Victor Mature was a mighty, troubled Samson, beset by conflicting emotions, totally dominated by a pagan woman... He teases with her, perhaps showing some smarts here for a change... He falls victim to his enemies through the love of Delilah, a sophisticated beauty with innate elegance, who beguiles him into revealing the secret of his strength... His performance was always up to the standard of Lamarr... Together, they acted with wonderful passion and were as convincing dramatically as long-suffering Hebrews as they were Philistines drunk with victory...
George Sanders, whose dignified presence was a perfect match for the Saran of Gaza, admires Samson for his strength, and envies him for the love of his people... He persuades Delilah to find out what is the source of Samson's strength so they can destroy him...
"Samson and Delilah' is a film of emotion, of love, and action... It is at once a wonderful, and rich historical look at an ancient era, an excuse for beautiful and passionate music, and a thrilling climax hardly rivaled in its size and lavishness... The film is wonderful to look at, and the music is terrific...
Look for Russ Tamblyn playing the little shepherd Saul...
This is one to see on a large screen.

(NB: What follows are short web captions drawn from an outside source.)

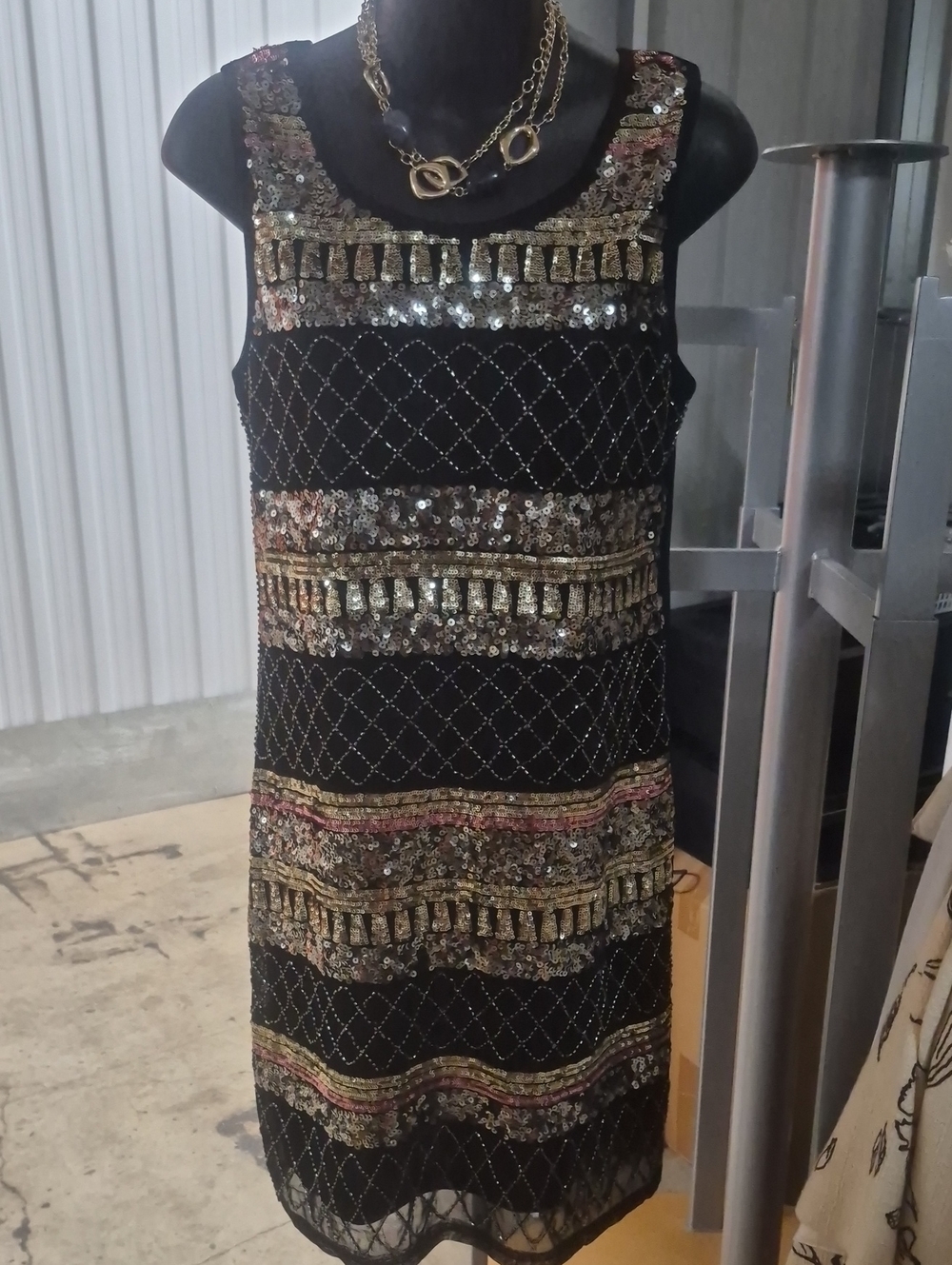 Black Sequin Embellished Sleeveless Dress
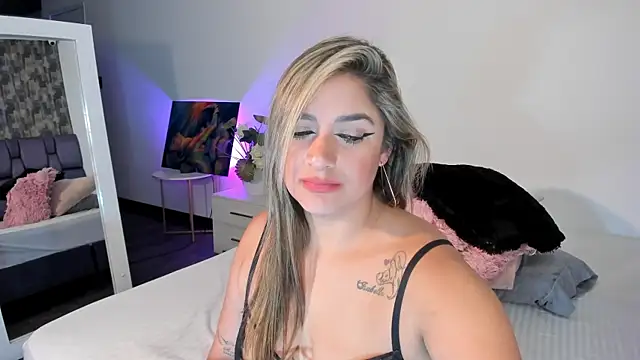 NicoleDiior webcam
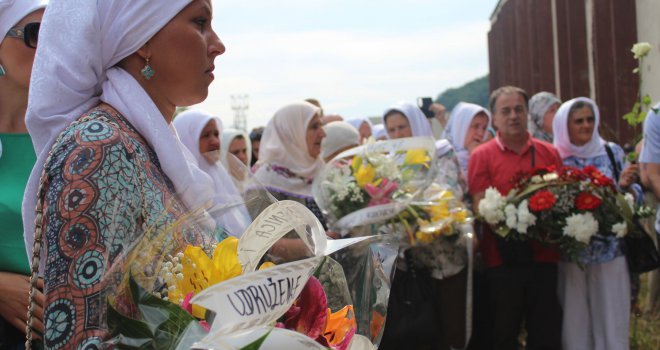 Majke Srebrenice u Kravici: Naše je pravo da posjetimo svako mjesto stradanja najmilijih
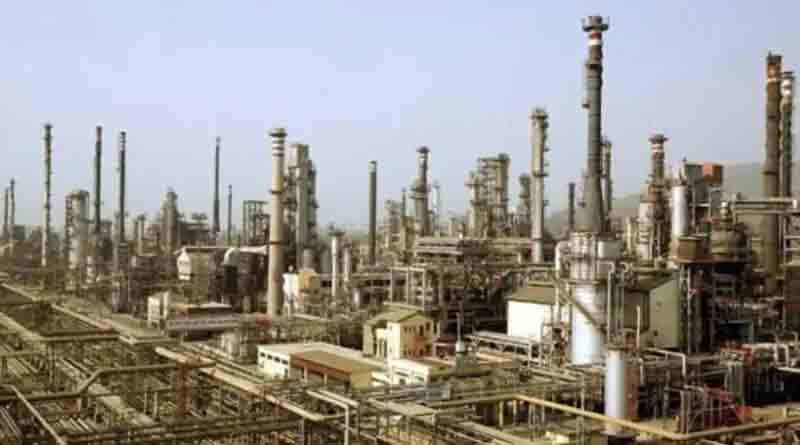 Blast at Haldia Refinery left 3 injured | Sangbad Pratidin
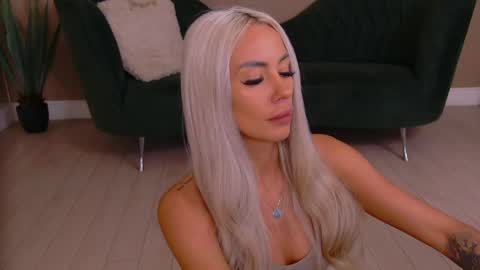 bailey_rush online show from 15, 4, 2026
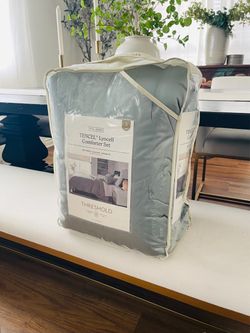 Threshold TERCEL lyocell satin weave comforter set-full/queen NEW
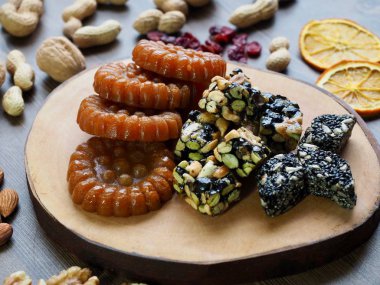 Kore geleneksel tatlılar ve kurabiye ve Fındık Mix, gangjeong, Yakgwa, Bal Çerez 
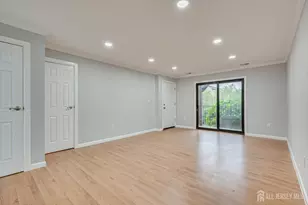 1213 N Oaks Blvd N, North Brunswick Township, NJ 08902 - Photo 8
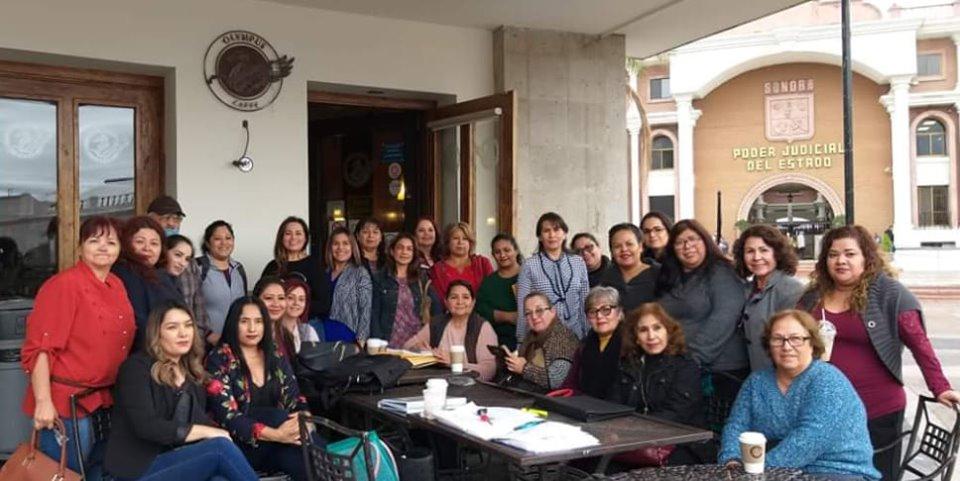 covafamac's tweet photo. Las mujeres también tenemos sueños.
Las mujeres también tenemos derechos
Juntas nos ayudamos y nos hacemos mas fuertes
#noaladiscriminacioncontralamujer https://t.co/EfGI0azvsB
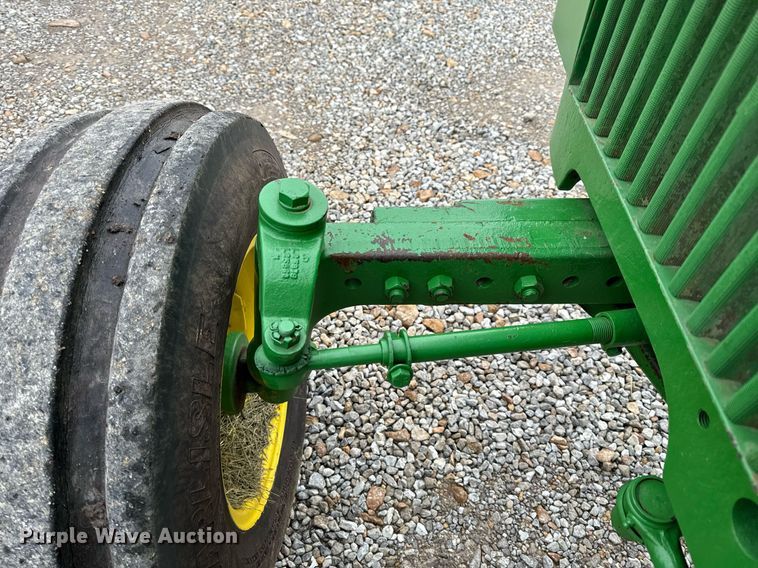 image for item NM9156 1981 John Deere 2640  tractor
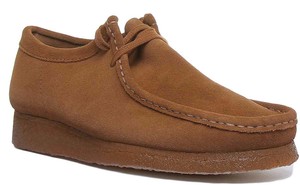 clarks wallabees size 6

I first saw it when it came out in a theater,and the climactic scene was extremely impressive to a youngish teenager.
There was a lot of coverage of the film at the time, and Life magazine had a feature on it, including a pictorial of Mr. Demille showing Victor Mature the proper technique to use a jawbone as a weapon.
Possible spoilers follow.
In Demille's autobiography, he indicated how he used a sketch of a muscular hunk and a gorgeous woman to sell his underwriters on financing a Biblical film. He also related how he had his research staff scour historical documents to find a temple design that would collapse if its two main pillars were dislodged. The result is what's seen on the screen, though the collapse was aided by a few concealed charges.
Hedy Lamarr made an excellent Delilah, with the best of motivations for betraying Samson: she was spurned. This was set up before the wedding feast, where she enjoyed being with Samson, even though he wasn't paying attention. (I can't think of many functional and heterosexual males who would be that obtuse.) Although Victor Mature wasn't as beefy as later male stars like Steve Reeves or Arnold Schwarzennegger, this was okay because his strength was miraculous.

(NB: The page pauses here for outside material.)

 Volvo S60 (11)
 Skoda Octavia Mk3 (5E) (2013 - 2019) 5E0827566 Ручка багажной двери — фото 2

Naturally, the finale was spectacular, and that is what people went to theaters to see in a Demille film.
* Victor Mature won the role of Samson over Burt Lancaster, who had a bad back and was considered too young. Henry Wilcoxon was considered, but thought to be too old.
* Cecil B. DeMille considered Betty Hutton for the role of Delilah.

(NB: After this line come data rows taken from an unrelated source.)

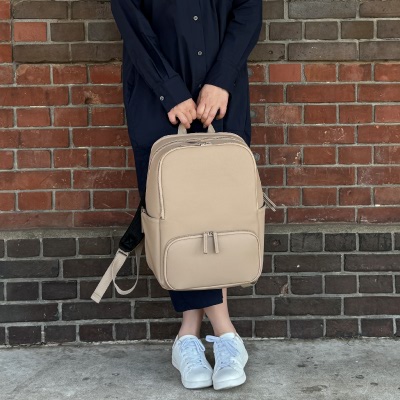 Piuno 『FloorSack』2階建て構造保温保冷スペース付き多機能リュック Amazon.co.jp: [piuno] 2階建て構造で保冷保温スペース付！多彩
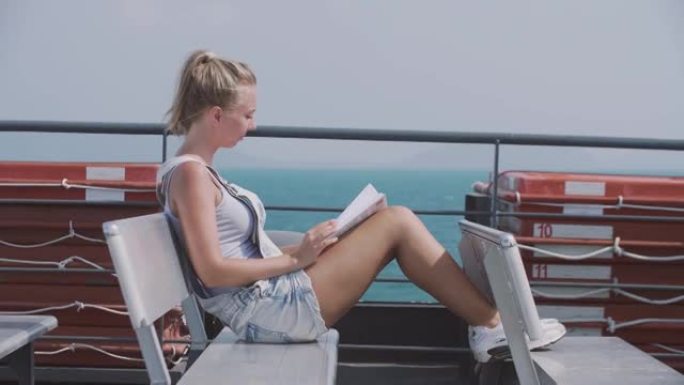 女人看书看书海上看书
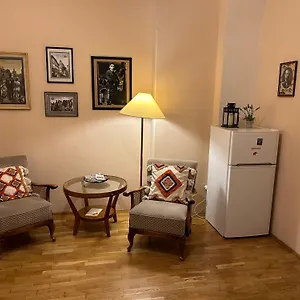 Karlova Konukevi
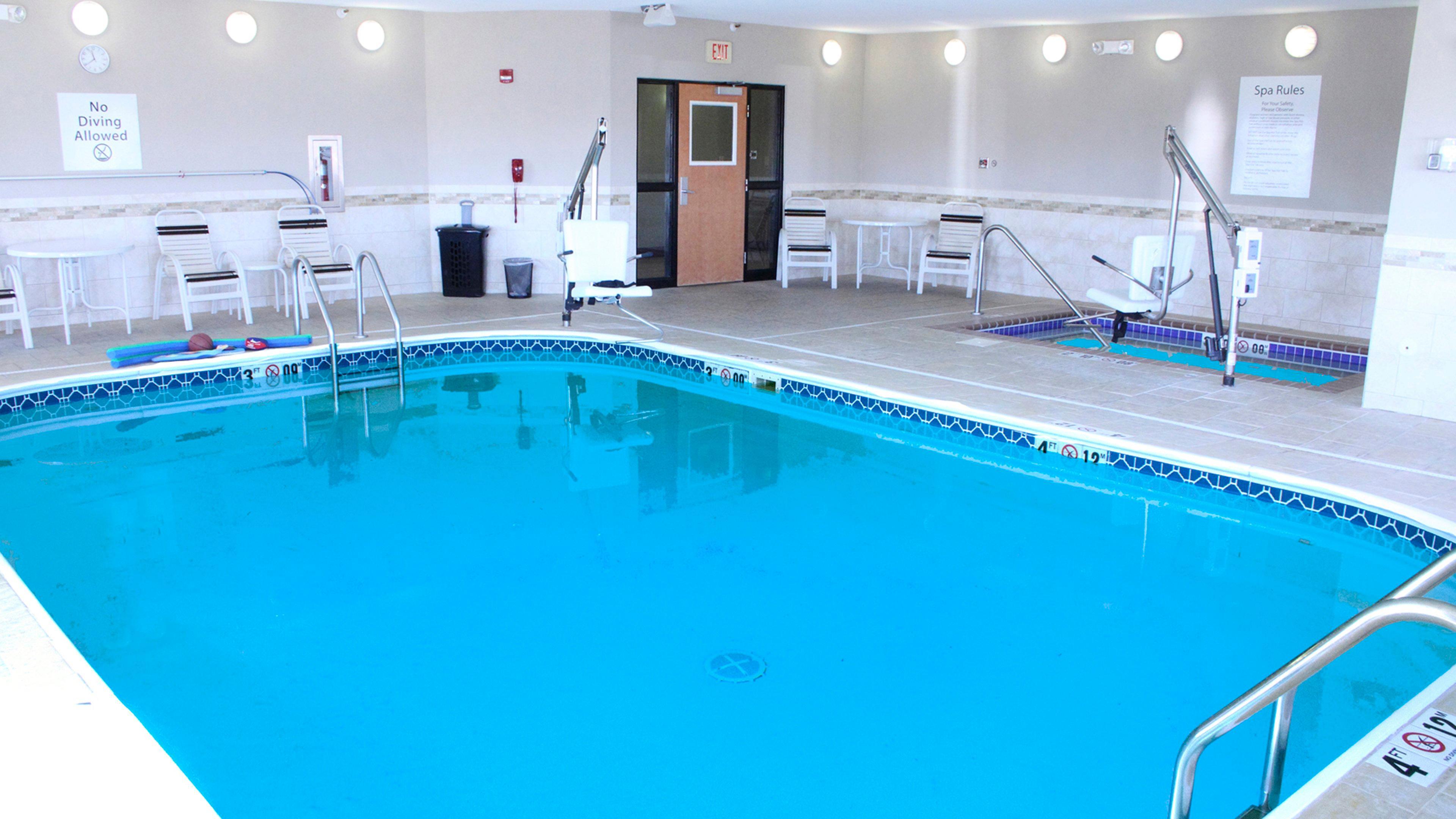 Holiday Inn Express Jamestown By Ihg Eksteriør bilde
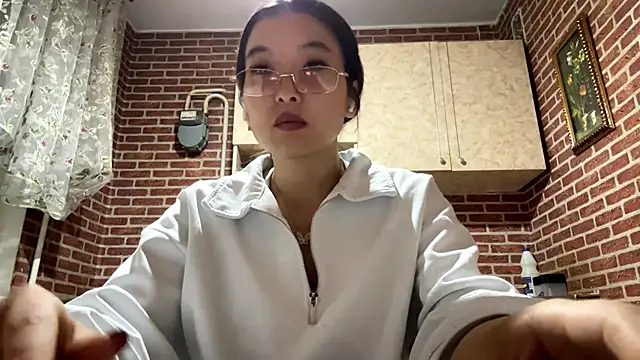 Snapshot of EmmaLeexth chatting on September 29, 1:28 pm EmmaLeexth online show from September 29, 1:28 pm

* For the scene in which Samson kills the lion, actor Victor Mature refused to wrestle a tame movie lion. Told by director Cecil B. DeMille that the lion had no teeth, Mature replied, "I don't want to be gummed to death, either." The scene shows a stunt man wrestling the tame lion, intercut with closeups of Mature wrestling a lion skin.
* At the premiere, Cecil B. DeMille asked Groucho Marx what he thought of the film. Groucho replied, "Well, there's just one problem, C.B. No picture can hold my interest where the leading man's tits are bigger than the leading lady's." DeMille was not amused, but Mature supposedly was.
* Sunset Blvd. (1950) was also being filmed around Paramount at the same time as this movie. In a scene where Gloria Swanson's character Norma Desmond visits the sound stage to see Cecil B. DeMille, he was actually directing a scene from "Samson and Delilah" and the actual cast members and crew are seen taking a break from this feature.
* With a $12 million gross domestically, this was the biggest hit Paramount had to date.
* Among DeMille's most serious candidates for the role of Delilah were Jean Simmons, Lana Turner, and Rita Hayworth. In the case of the latter two actresses, their respective studios (MGM and Columbia) refused to loan them to Paramount.